Excerpted records:
┄┄┄┄┄┄┄┄┄┄┄┄┄┄┄┄┄┄┄┄

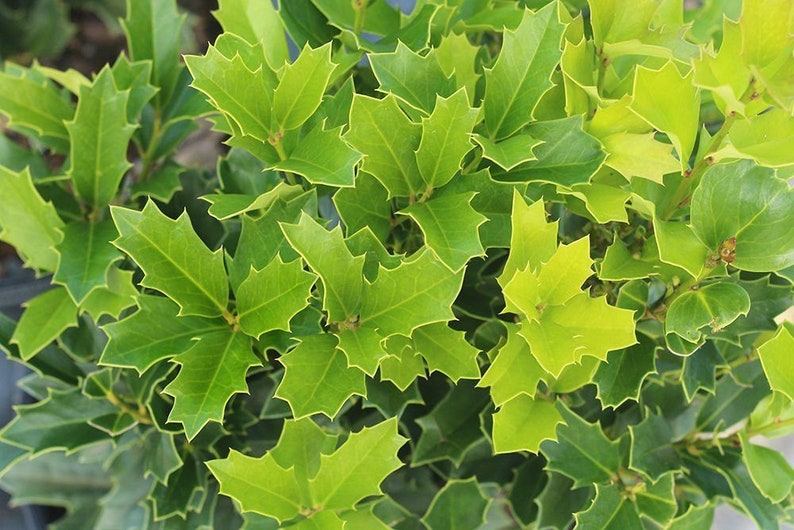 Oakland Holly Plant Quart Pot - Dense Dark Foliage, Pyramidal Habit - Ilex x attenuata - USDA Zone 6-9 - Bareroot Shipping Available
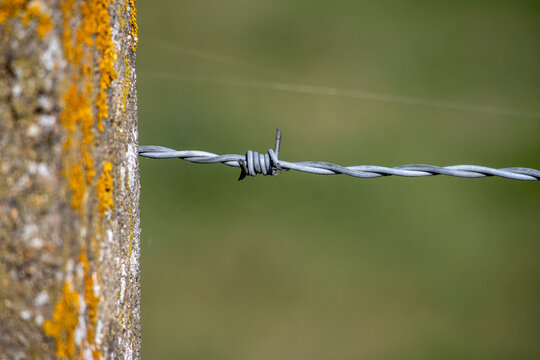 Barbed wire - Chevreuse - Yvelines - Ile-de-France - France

┄┄┄┄┄┄┄┄┄┄┄┄┄┄┄┄┄┄┄┄

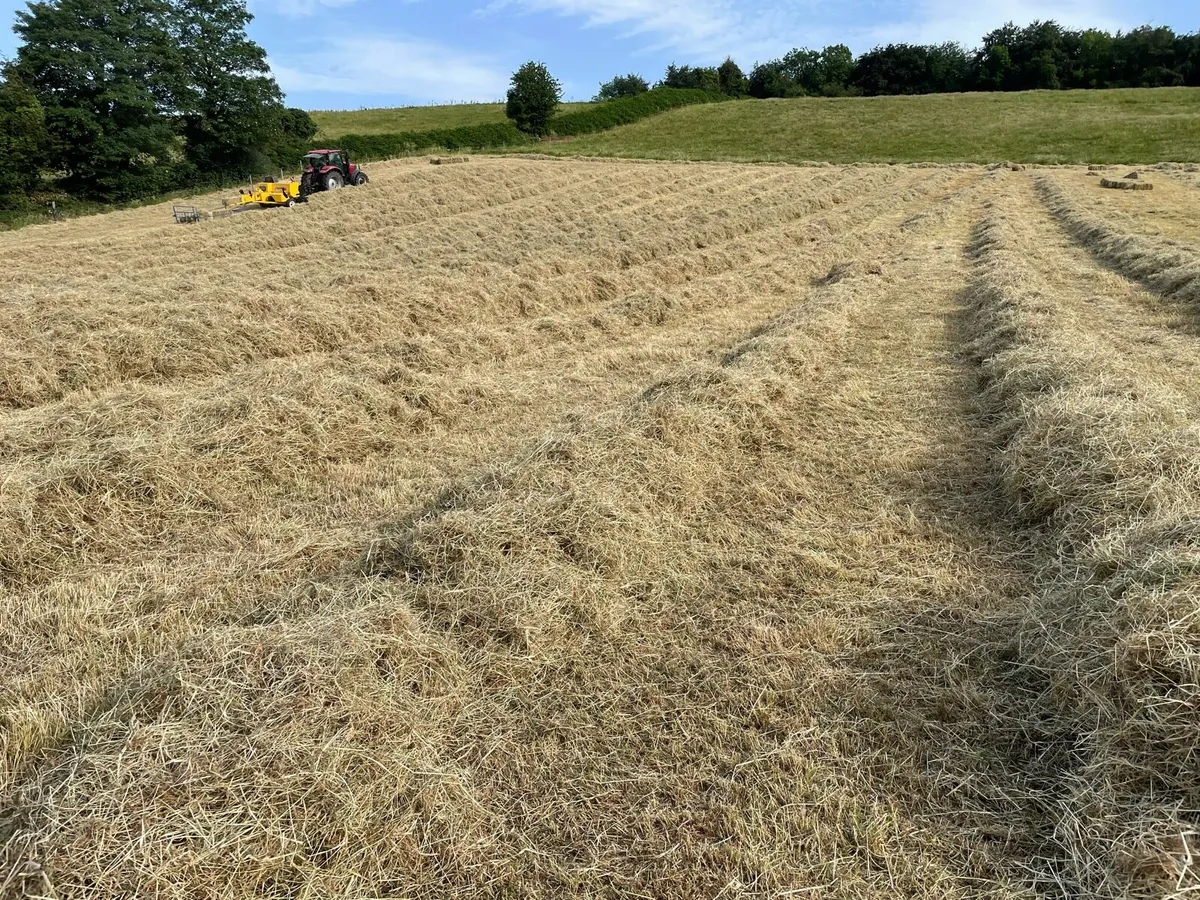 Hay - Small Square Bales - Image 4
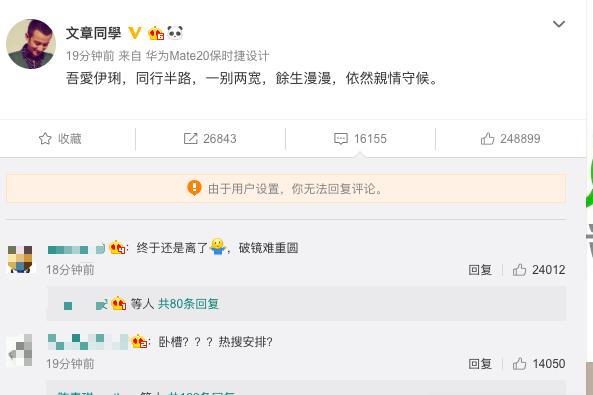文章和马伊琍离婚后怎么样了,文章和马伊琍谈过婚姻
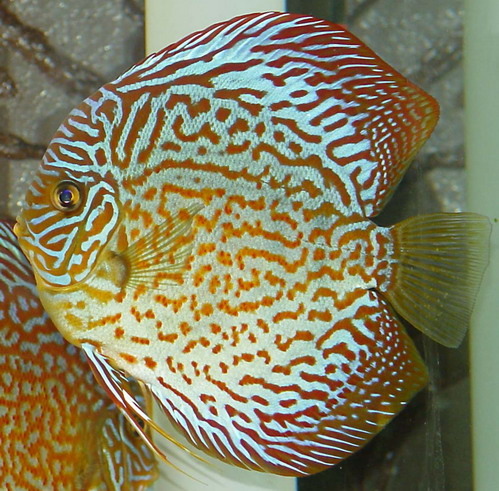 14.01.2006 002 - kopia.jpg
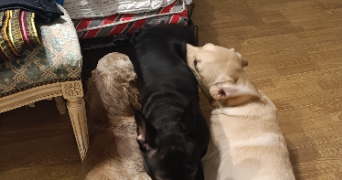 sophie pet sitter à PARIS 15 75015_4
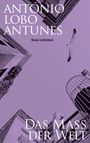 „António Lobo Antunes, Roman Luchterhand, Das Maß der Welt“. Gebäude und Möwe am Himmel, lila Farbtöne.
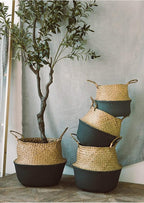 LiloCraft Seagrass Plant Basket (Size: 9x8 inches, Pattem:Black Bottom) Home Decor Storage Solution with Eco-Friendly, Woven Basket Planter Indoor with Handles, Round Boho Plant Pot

┄┄┄┄┄┄┄┄┄┄┄┄┄┄┄┄┄┄┄┄

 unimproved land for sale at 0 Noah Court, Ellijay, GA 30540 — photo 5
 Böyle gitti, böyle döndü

┄┄┄┄┄┄┄┄┄┄┄┄┄┄┄┄┄┄┄┄

Problem: Precisely those lines above that run from the line with "文章和马伊琍离婚后怎么样了,文章和马伊琍谈过婚姻" up to and including the line with "LiloCraft Seagrass Plant" are to be set down, with the pictures omitted.

Reply:
文章和马伊琍离婚后怎么样了,文章和马伊琍谈过婚姻
 14.01.2006 002 - kopia.jpg
 sophie pet sitter à PARIS 15 75015_4
 „António Lobo Antunes, Roman Luchterhand, Das Maß der Welt“. Gebäude und Möwe am Himmel, lila Farbtöne.
 LiloCraft Seagrass Plant Basket (Size: 9x8 inches, Pattem:Black Bottom) Home Decor Storage Solution with Eco-Friendly, Woven Basket Planter Indoor with Handles, Round Boho Plant Pot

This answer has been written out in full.